I usually don’t wear a seatbelt in the backseat. But I always do in the front seat. Only because I fear going through the windshield.
Do what ya want ta do, Og; I’ll say I usually wear a seatbelt, and I’m teaching littlest Alex to do so also (although his IS a 5-point belt, in his little-guy carseat, and he’s surrounded by ABS plastic). We even have a silly song I made up for getting all buckled up (for him, not me).
I DO like 3-point belts, at least the old-style ones that wouldn’t budge a fraction of an inch… when I got my ’70 Beetle to corner the way I wanted it to (hard enough to scare the crap out of an Army Ranger), I found it very beneficial to tighten that belt down to the point where it completely compressed my ass into the seat, so I could stay still while I handled the wheel, shifter, clutch, brake, and throttle all at once without having to worry about my ass sliding all over the place.
Granted, that’s probably not the kind of situation you’re talking about… but hey, if you were, it would be a lot more fun :) DOOO EEET!!!!!
I couldn’t agree more, Og. I did this post back in January. My point being the same as yours. If saying that someone who dies while NOT wearing a seatbelt, would have lived if they had been, is impossible to prove. You have no idea what forces would have been exerted on them if they remained strapped in place. Especially with the 3 point belt as Og points out.
I’m NOT telling anyone NOT to wear their belt. I’m telling you DON’T tell me I HAVE to wear MINE.
Prezactly, Dan. And welcome to Neanderpundit!
First, I realize that anecdotes do not equal data.
Second, I would not presume to tell anyone, except my children, what they have to do to protect themselves.
I was in an auto accident in which I was saved by my seatbelt. The brain-dead-waste-of-space that pulled out in front of me was NOT saved by his seatbelt and his passenger was severely damaged as a result of wearing her seatbelt incorrectly (passive shoulder harness without the manual lap belt).

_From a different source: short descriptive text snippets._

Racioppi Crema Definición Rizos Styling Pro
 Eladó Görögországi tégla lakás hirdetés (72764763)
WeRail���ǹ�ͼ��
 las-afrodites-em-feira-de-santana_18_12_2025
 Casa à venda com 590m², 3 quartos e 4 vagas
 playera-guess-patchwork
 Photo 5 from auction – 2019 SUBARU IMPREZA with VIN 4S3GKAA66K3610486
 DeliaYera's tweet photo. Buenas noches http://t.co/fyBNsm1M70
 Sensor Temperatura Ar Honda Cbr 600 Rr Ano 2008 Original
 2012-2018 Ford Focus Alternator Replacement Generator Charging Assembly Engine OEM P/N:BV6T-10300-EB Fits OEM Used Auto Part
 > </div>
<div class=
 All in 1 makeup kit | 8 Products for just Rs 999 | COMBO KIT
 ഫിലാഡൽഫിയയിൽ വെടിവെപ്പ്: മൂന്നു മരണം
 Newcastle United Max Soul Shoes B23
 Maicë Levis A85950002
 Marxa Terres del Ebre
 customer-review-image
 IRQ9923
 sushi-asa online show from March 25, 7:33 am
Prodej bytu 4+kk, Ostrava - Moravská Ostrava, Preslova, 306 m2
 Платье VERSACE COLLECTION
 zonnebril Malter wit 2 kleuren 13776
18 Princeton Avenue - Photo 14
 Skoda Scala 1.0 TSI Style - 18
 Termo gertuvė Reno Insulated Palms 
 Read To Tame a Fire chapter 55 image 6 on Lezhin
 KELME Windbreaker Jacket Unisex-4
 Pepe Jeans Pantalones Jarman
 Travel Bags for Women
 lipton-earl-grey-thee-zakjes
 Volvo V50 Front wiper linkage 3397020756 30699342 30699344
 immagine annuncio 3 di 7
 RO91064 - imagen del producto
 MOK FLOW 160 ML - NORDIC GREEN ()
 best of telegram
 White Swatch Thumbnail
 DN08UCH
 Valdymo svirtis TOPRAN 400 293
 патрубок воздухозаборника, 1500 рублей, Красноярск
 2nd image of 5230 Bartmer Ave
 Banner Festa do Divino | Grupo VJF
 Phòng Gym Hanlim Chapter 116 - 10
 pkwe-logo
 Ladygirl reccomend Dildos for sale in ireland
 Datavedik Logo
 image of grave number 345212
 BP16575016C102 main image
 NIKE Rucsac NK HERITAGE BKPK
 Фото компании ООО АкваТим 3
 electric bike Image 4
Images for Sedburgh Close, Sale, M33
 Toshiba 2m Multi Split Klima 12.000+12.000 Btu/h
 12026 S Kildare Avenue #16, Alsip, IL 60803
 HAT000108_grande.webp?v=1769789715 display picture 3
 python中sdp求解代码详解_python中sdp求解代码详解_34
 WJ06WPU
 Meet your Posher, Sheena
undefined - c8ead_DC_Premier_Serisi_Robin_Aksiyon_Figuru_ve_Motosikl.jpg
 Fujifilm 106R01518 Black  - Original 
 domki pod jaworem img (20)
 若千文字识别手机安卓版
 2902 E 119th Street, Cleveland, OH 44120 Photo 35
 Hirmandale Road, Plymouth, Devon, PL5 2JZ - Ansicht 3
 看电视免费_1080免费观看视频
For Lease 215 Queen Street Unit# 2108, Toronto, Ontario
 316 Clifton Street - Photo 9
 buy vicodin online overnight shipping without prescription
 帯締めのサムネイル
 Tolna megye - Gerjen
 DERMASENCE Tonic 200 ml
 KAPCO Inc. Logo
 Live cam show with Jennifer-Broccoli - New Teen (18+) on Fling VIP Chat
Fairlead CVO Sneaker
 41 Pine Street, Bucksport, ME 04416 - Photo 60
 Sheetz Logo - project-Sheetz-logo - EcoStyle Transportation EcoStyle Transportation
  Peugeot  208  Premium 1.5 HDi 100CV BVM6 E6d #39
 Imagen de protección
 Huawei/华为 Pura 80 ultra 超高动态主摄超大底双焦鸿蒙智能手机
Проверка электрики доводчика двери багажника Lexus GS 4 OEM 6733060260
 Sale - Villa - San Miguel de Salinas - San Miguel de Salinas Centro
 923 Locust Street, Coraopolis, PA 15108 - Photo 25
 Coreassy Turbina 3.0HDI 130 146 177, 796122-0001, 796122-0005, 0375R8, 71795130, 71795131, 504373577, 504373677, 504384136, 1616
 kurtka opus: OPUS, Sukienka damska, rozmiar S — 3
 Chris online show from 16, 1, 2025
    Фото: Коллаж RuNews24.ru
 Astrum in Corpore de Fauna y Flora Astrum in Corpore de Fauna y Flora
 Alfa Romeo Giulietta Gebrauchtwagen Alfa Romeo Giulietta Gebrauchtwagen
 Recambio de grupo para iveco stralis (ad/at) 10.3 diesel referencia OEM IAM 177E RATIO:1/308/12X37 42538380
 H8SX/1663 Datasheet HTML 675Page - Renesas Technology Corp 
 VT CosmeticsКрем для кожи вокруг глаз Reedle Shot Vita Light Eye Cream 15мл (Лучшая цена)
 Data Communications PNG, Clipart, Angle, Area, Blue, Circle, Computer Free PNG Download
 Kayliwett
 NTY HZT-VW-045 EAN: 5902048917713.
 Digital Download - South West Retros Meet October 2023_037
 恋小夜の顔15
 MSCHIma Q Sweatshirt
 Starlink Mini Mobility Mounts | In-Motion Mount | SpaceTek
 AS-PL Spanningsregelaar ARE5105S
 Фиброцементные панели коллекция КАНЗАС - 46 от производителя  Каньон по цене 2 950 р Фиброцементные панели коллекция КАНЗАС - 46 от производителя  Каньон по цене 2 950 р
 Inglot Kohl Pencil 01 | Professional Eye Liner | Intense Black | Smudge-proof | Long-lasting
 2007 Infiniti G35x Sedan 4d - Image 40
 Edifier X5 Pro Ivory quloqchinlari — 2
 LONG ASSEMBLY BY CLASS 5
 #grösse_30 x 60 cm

The forces acting on me were mostly in line with my vehicle – I hit the other car while I was traveling in a straight line. The forces acting on Dumbass were mostly perpindicular to his vehicle – I T-boned him right in the driver’s door. I literally walked away with just a scratch. His skull detached from his spine and he never recovered (I had a friend in the trauma center).
As far as I can tell, today’s seatbelts will restrain a passenger/driver in low-to-moderate velocity impacts that are in line with the long axis of the vehicle most of the time. Deviations from this scenario seem to result in diminished protection from injury in direct proportion to the magnitude of the deviation.